● **What is required**
Once the line with "今冬一番の寒波に「雪景色」" is found in the data, output it and each following line exactly, up to and including the line with "Zeytin dalı tasarımı", and nothing before or after.

● **Material supplied**
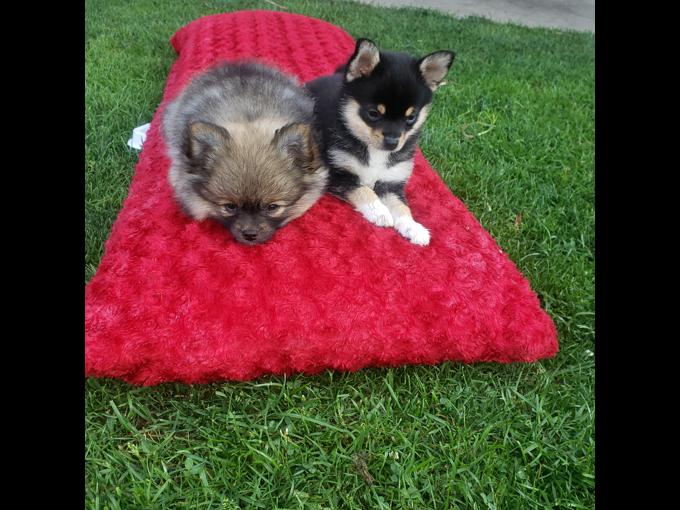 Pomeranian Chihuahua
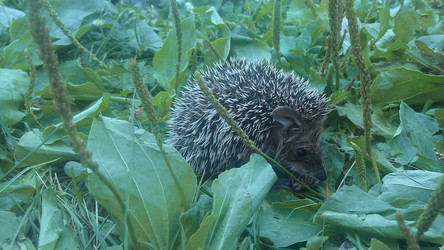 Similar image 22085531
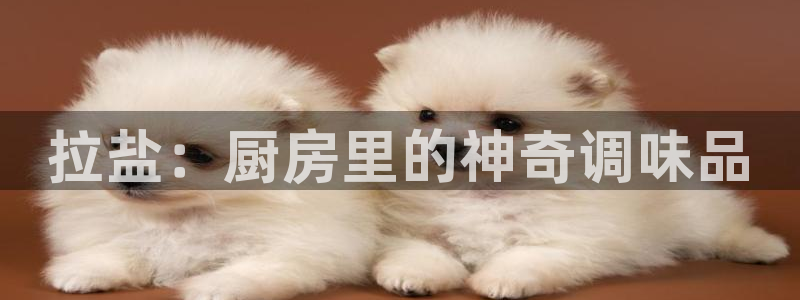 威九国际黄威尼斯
...
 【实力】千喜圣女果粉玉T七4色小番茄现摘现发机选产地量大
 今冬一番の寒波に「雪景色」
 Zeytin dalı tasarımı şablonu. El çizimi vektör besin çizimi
...
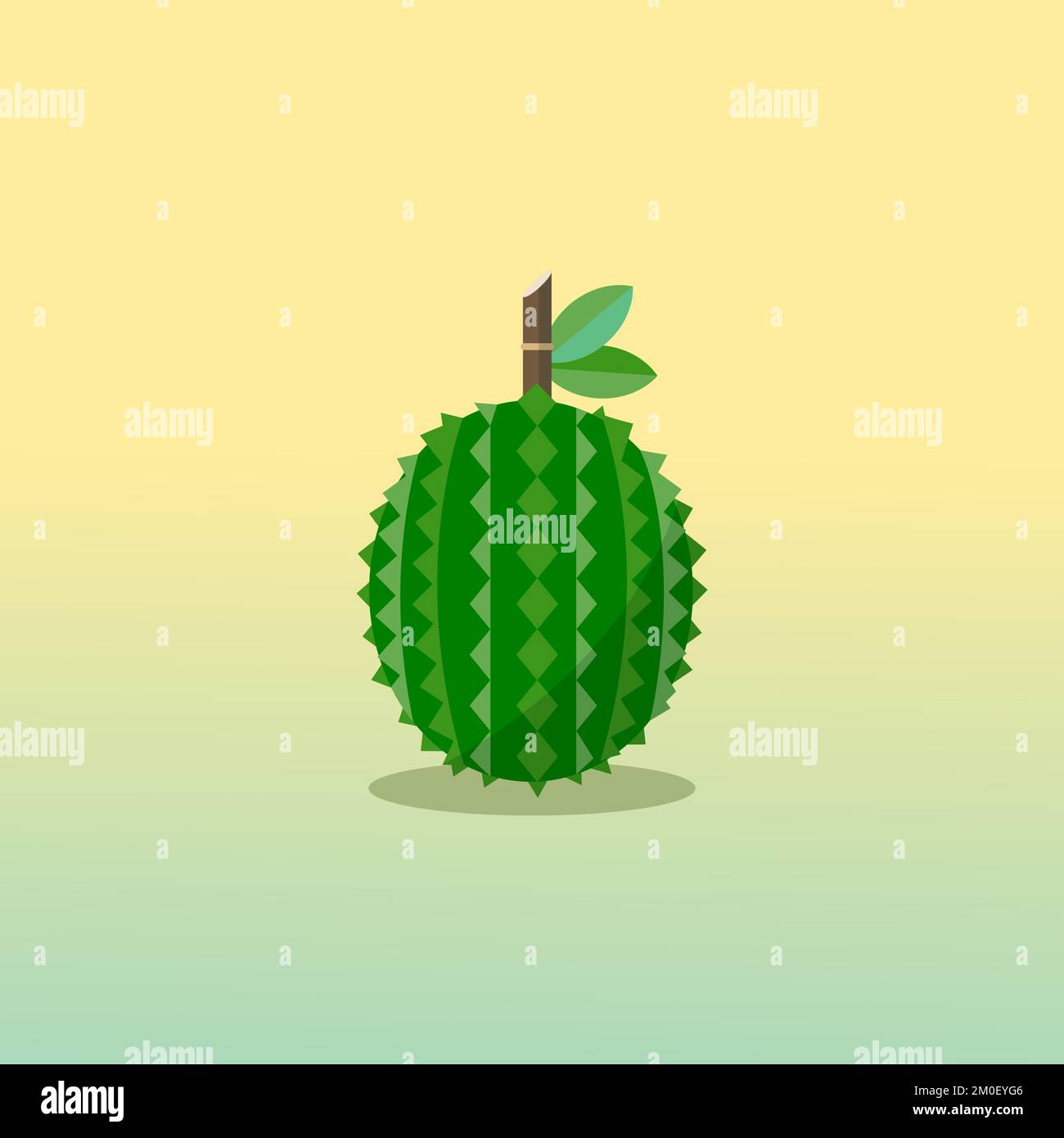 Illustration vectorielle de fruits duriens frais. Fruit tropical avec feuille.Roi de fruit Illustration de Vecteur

● **Exercise response**
 今冬一番の寒波に「雪景色」
 Zeytin dalı tasarımı şablonu. El çizimi vektör besin çizimi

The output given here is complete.